But Max’s eyes widened; he looked at Barb, at Hank, then back at Phoebe. He blinked, “You… don’t remember the mission?”

She shook her head, “Must have blacked it out. We did win, right? The generator got shut off?”

“Yeah, yeah, of course.” It came out quickly. “Do you…” he ran a hand through his hair, spending a second on his swoosh. He cleared his throat, settled his hands on his hips, “Do you remember… how you got hurt?”

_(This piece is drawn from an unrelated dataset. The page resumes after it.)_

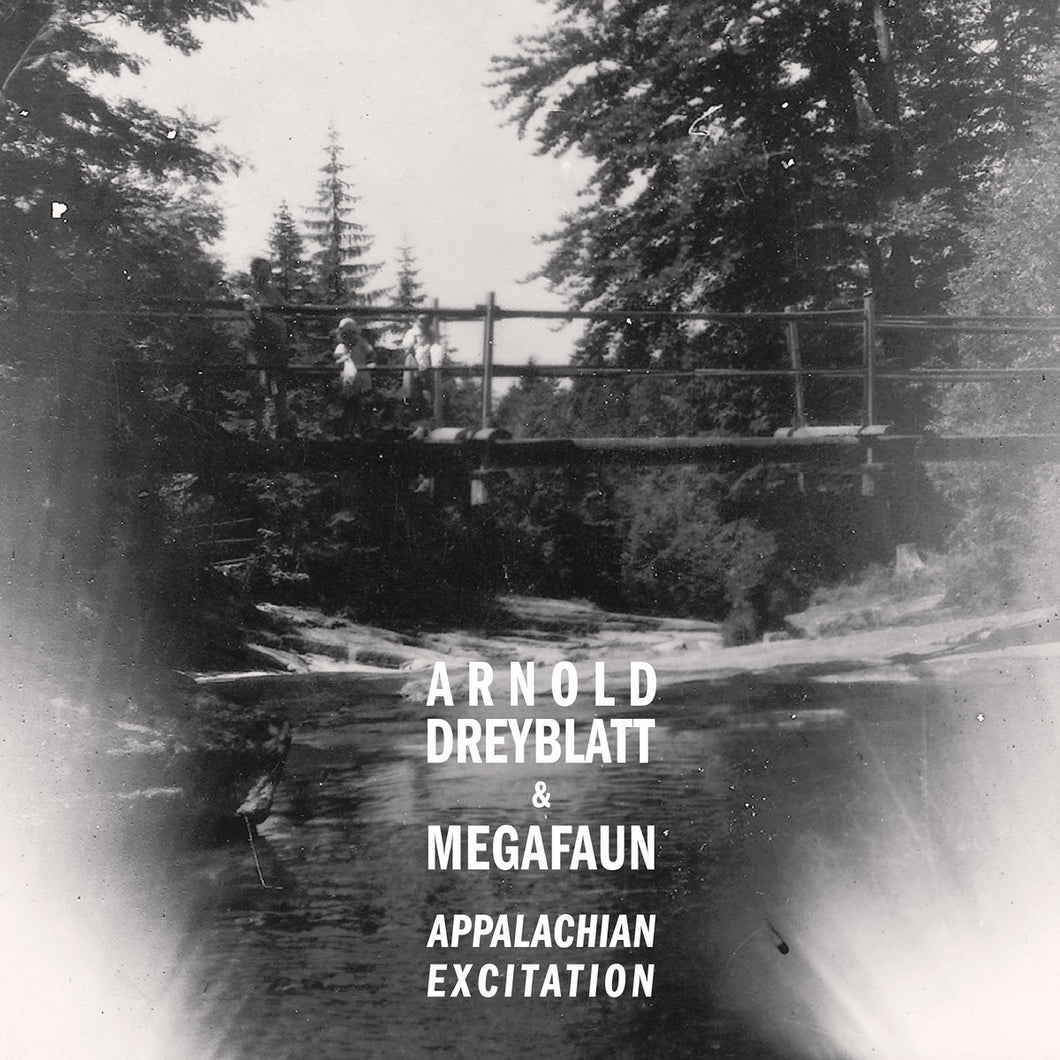 Arnold Dreyblatt and Megafaun - Appalachian Excitation CD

Phoebe tried, winding her memory back. Last she remembered was fighting Fuse. Max had gone to fix the generator, the transference glove had blasted her and she couldn’t talk. And then after that… Phoebe’s memory stopped, looped, flickered between darkness and flashes of a rooftop fight. Her hand came up to her chest, it still felt tight, like Fuse’s energy pulse still squeezed at her lungs.

“No,” she admitted, “Nothing.”

“Well that’s easy,” Billy offered, “Max said -”

That I was so worried ,” Max suddenly snapped, sincerely placing his hand onto his heart. He glared at Billy. “That’s it, that’s all I said.”

“But you said Phoebe -”

“Needs rest,” Max finished. “Right, Pheebs? You must be tired - long surgery. Here, Billy, Nora, here’s fifty bucks,” he brandished the note out of a wallet that looked suspiciously like Hank’s, “Go find something edible in the cafeteria.”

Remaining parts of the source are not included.